Janine Sutto

L'hommage et sa subjectivité

Mais d'où sort donc ce critère de «rayonnement international» apparemment invoqué par Québec pour justifier le fait de ne pas offrir à la famille de Janine Sutto de tenir des funérailles nationales? Malgré toutes les réticences qu'on peut avoir face à la notion même de funérailles nationales, est-ce que la comédienne méritait moins une telle cérémonie qu'un joueur de hockey ou un syndicaliste?
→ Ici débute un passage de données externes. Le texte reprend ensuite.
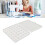 10 Sets Clear Plastic Bobbins for Sewing Machine, 36 Compartments 8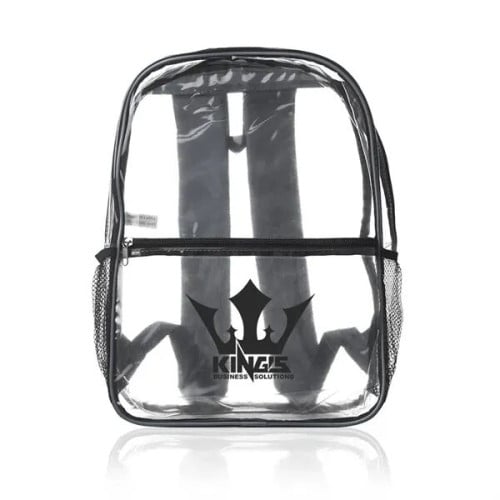 Multi-Function Clear Backpack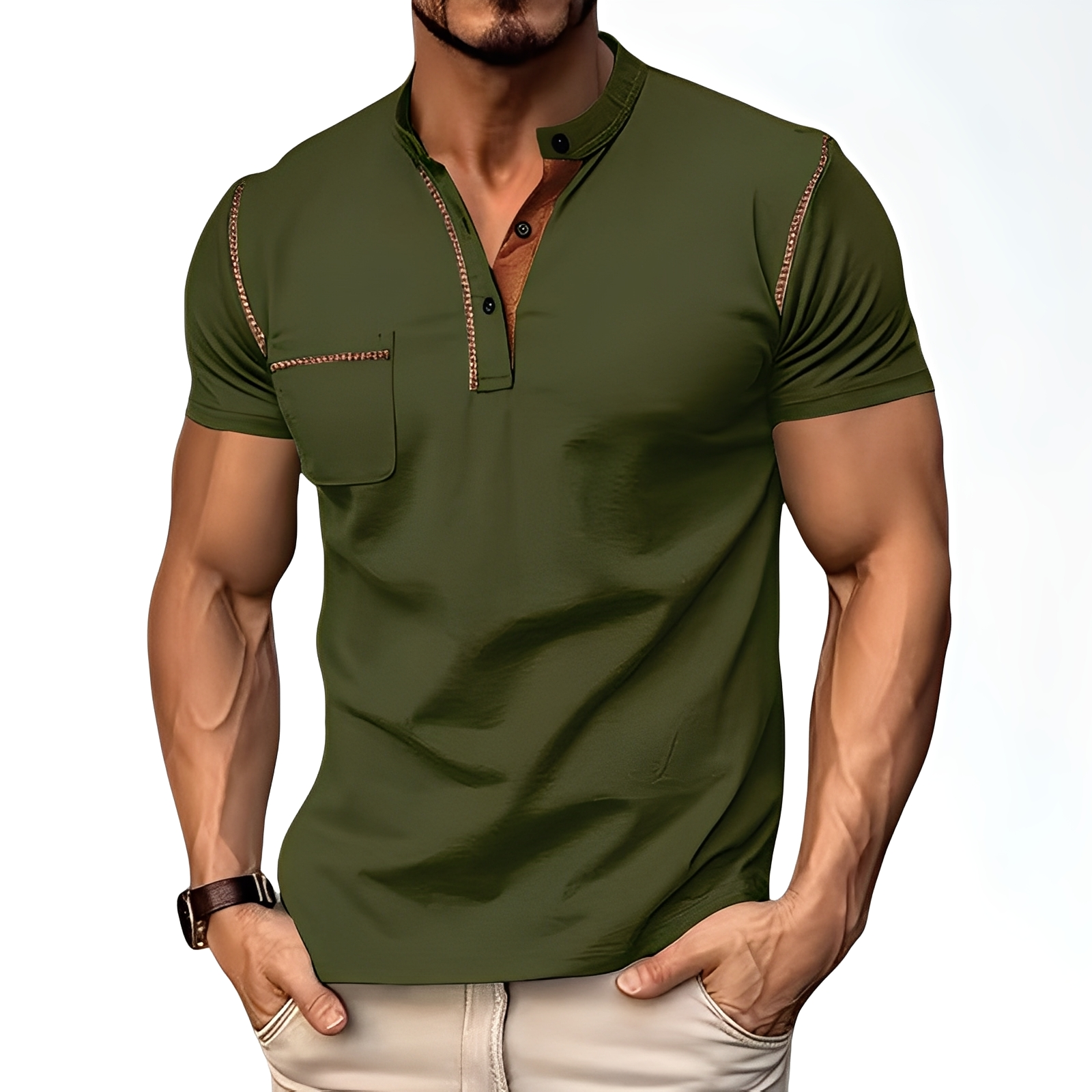 Brandon - Elegantes Poloshirt
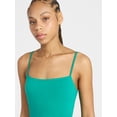 thumbnail image 4 of No Boundaries Sleeveless Square Neck Midi Dress, Women's & Women's Plus Sizes XXS-4X, 4 of 4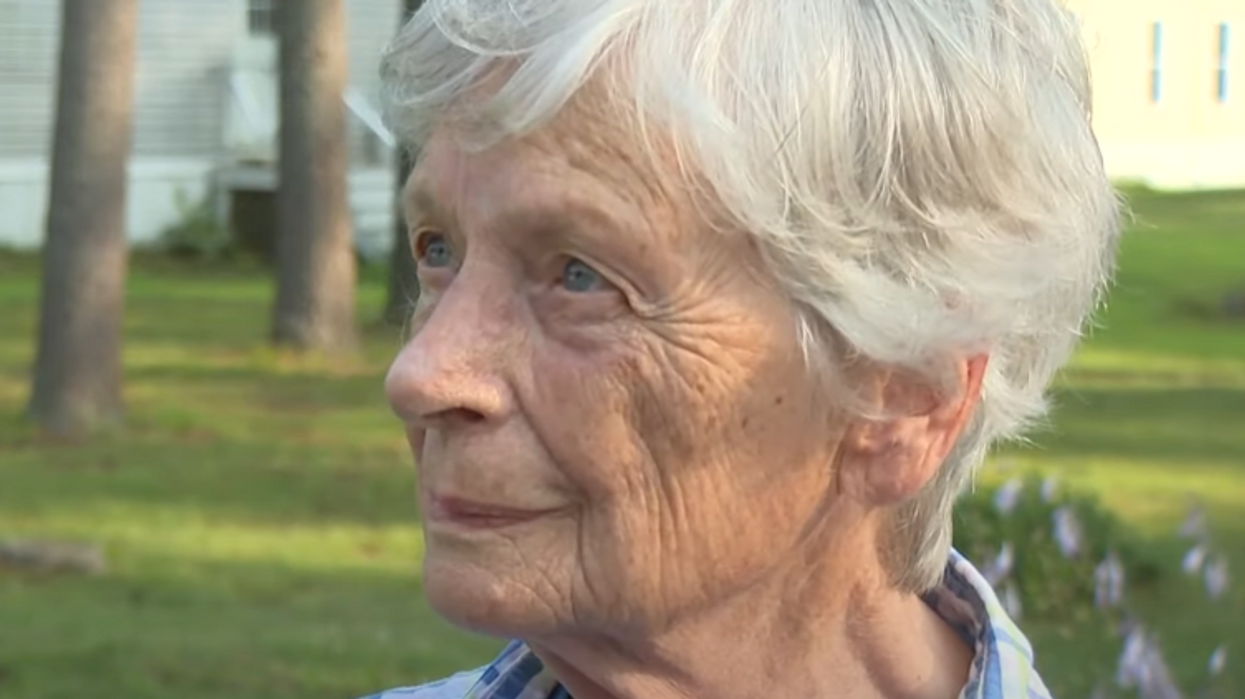 87-year-old woman fights off pantsless intruder, feeds home invader peanut butter and crackers while waiting for cops: 'Don't sit and cry about it'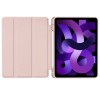 TECH-PROTECT SmartCase Pen калъф с поставка и отделение за стилус за iPad Air 10.9” 4/5/2020-2022 и 11” 6/7/8/2024-2026 Pink - 9589046918650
Le gouvernement du Québec vient-il de manquer un rendez-vous avec l'histoire? Jusqu'à maintenant, si on exclut la douzaine de personnalités politiques qui ont eu droit à des funérailles d'État ou des funérailles nationales, sept hommes ont eu droit à une telle reconnaissance: le poète Gaston Miron, les hockeyeurs Maurice Richard et Jean Béliveau, le peintre Jean-Paul Riopelle, le cinéaste Gilles Carle, le syndicaliste Louis Laberge et l'impresario René Angélil. Il aurait pu être intéressant d'envoyer le message que ce privilège n'est pas réservé uniquement aux hommes.
Plus tôt cette semaine, la fille et le gendre de Janine Sutto, Mireille Deyglun et Jean-François Lépine, ont indiqué aux médias qu'ils comprenaient parfaitement la décision de Québec de ne pas offrir la tenue de funérailles nationales. Le gouvernement, semble-t-il, a invoqué ce critère très vague de la «renommée internationale» ou du «rayonnement international». Offrir de tenir des obsèques nationales pour une personnalité comme Janine Sutto, dont la carrière s'est principalement déployée au Québec, créerait un précédent dont on ne veut pas.
Il faudrait alors qu'on explique en quoi Louis Laberge a eu un rayonnement international. Et qu'on explique aussi comment on peut considérer que le fait de jouer au hockey dans des arénas de Boston, Detroit, New York ou Chicago constitue réellement un facteur de renommée internationale.
L'appréciation de la stature ou de l'envergure d'une personnalité est évidemment subjective. Mais ce critère international ne tient pas la route.
Le ministère des Relations internationales et de la Francophonie, qui est responsable du protocole dans de telles circonstances, définit les différents types de funérailles protocolaires. On mentionne que les funérailles nationales «sont réservées aux personnalités qui ont marqué la vie politique, culturelle ou sociale du Québec, selon une décision du gouvernement».
Marquer la vie politique, culturelle ou sociale du Québec, ça peut très bien se faire sans gagner des prix à Los Angeles, sans être un chouchou de la presse people européenne ou sans avoir un siège à l'Académie française. 
Quand une comédienne meurt à 95 ans, et qu'elle a eu une carrière impressionnante qui aura duré trois quarts de siècle, on peut dire que ça marque la vie culturelle du Québec.
La décision de tenir des funérailles nationales est à la discrétion du gouvernement, ce qui ouvre parfois la porte à de la récupération politique. Dans le cas de Janine Sutto, on dit avoir voulu éviter de «créer un précédent». C'est compréhensible. Mais des précédents avaient déjà été créés et c'est de là que naît la frustration chez certaines personnes. 
C'est un sujet sensible que cette question des funérailles nationales. Il y aurait lieu de définir des critères plus clairs. Ne pourrait-on pas envisager, par exemple, de relier la tenue de tels hommages à un statut déterminé avant le décès? Ne pourrait-on pas établir, par exemple, que les personnalités qui sont reconnues comme grands officiers de l'Ordre national du Québec auront droit à des funérailles d'État ou à des funérailles nationales? Ça éviterait les débats émotifs lorsque survient le décès de quelqu'un qu'on admire, qu'on estime ou qu'on déteste.
Janine Sutto sera finalement exposée dans le hall d'honneur de l'hôtel de ville de Montréal, comme on l'avait fait aussi, entre autres, pour Gilles Latulippe. Elle est peut-être là, la solution. Qu'une ville ou une municipalité récupère la balle au bond quand Québec dit non.
Au moins, ça permet un hommage de la part du public.